In December 2015, the dam released 72,001 CFS at its peak. This is the highest amount ever released.

== Facilities and State Park ==
Sixteen public campgrounds are located around Table Rock Lake. Campgrounds are managed by several different agencies and campsites range from full-hookup to non-electric tent sites
For details about each of the US Army Corps of Engineers parks, check out Recreation.gov.

The US Army Corps of Engineers Dewey Short Visitor Center is located 6 miles west of US Hwy 65 on Missouri State Hwy 165 at the south end of Table Rock Dam.

The visitor center has exhibits about the White River Watershed, local habitats, Table Rock Dam, and the US Army Corps of Engineers as well as several interactive exhibits including maps, power generation and water safety.
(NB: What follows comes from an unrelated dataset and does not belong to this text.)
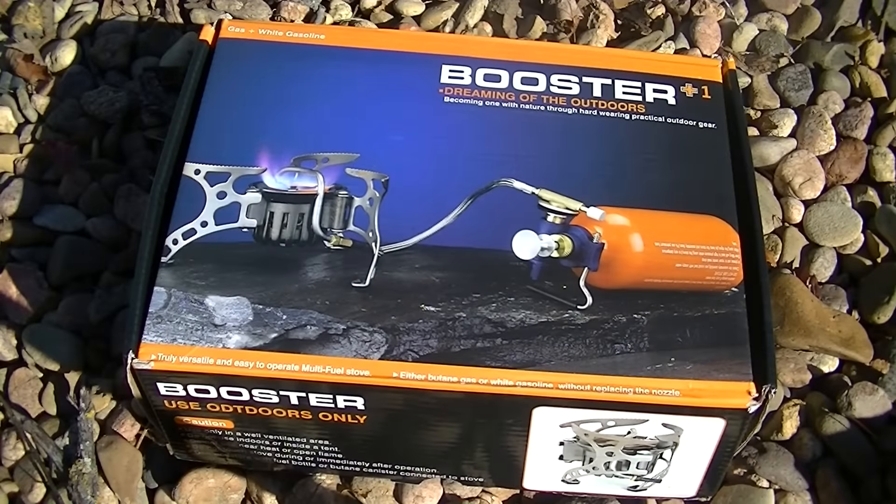All right, got another stove here for you from GearBest.com. It's labeled as their BRS portable outdoor picnic oil gas furnace tank kit, 530 milliliters. Let's go ahead and open up the box and check it out.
It also features an overlook which allows visitors to view Table Rock Lake, the dam, and Lake Taneycomo from one viewing deck. The center shows a 20 minute film entitled, "Taming of the Riviera Blanche". This film is an introduction to the Table Rock Lake/White River area and details the construction and purpose of Table Rock Dam.

The visitor center features a public-use dock, picnic areas, fishing, a lakeshore trail.
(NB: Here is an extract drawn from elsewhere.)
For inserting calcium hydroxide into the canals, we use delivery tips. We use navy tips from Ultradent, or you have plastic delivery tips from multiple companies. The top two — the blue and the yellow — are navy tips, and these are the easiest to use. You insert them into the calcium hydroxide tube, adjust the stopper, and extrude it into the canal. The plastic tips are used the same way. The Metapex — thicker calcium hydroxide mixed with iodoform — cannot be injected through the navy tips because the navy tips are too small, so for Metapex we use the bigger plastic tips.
Table Rock State Park provides public access to the lake. Six miles from Branson and located just south of the dam and outlet, facilities include a boat launch and full service marina (including cafe, boat rental and scuba dive shop), campground (including full RV hookups and a yurt), fishing access, swimming access (no beach), picnic area, amphitheater, hiking and mountain bike trails, and dump station.
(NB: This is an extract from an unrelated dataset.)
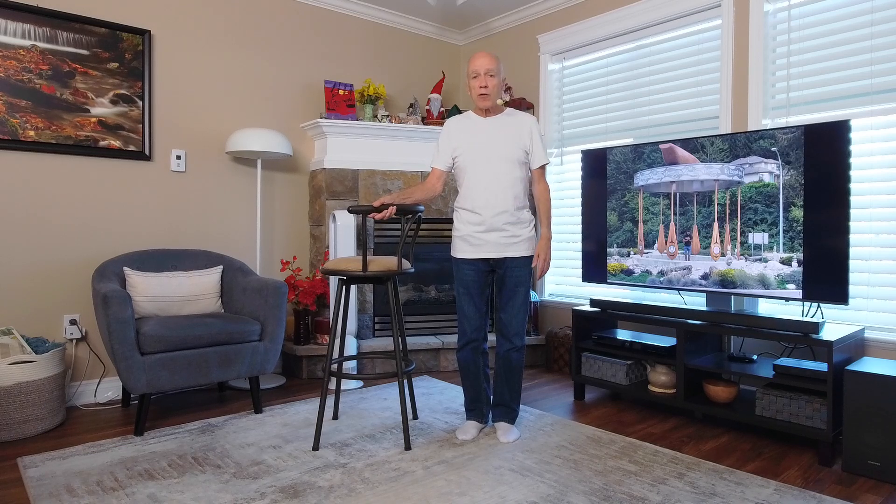Gang, have a great day. Thanks for joining me on this video. Until we see you on the next one, bye-bye.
On July 19, 2018, a duck boat carrying tourists capsized from severe weather.

== Tourism and Recreation ==
Table Rock Lake is major outdoor recreation hot spot. The lake offers many activities including camping, boating, cliff jumping, scuba diving, and other outdoor activities. Areas surrounding the lake claim over 10 million visitors each year. Outside of water activities, a popular tourist destination is Big Cedar Lodge's Top of the Rock. The destination offers scenic views, a par-3-course by golfer, Jack Nicklaus. In 2015, a sinkhole opened at Top of the Rock Ozark Heritage Preserve. The sinkhole has since become an attraction for new discovery.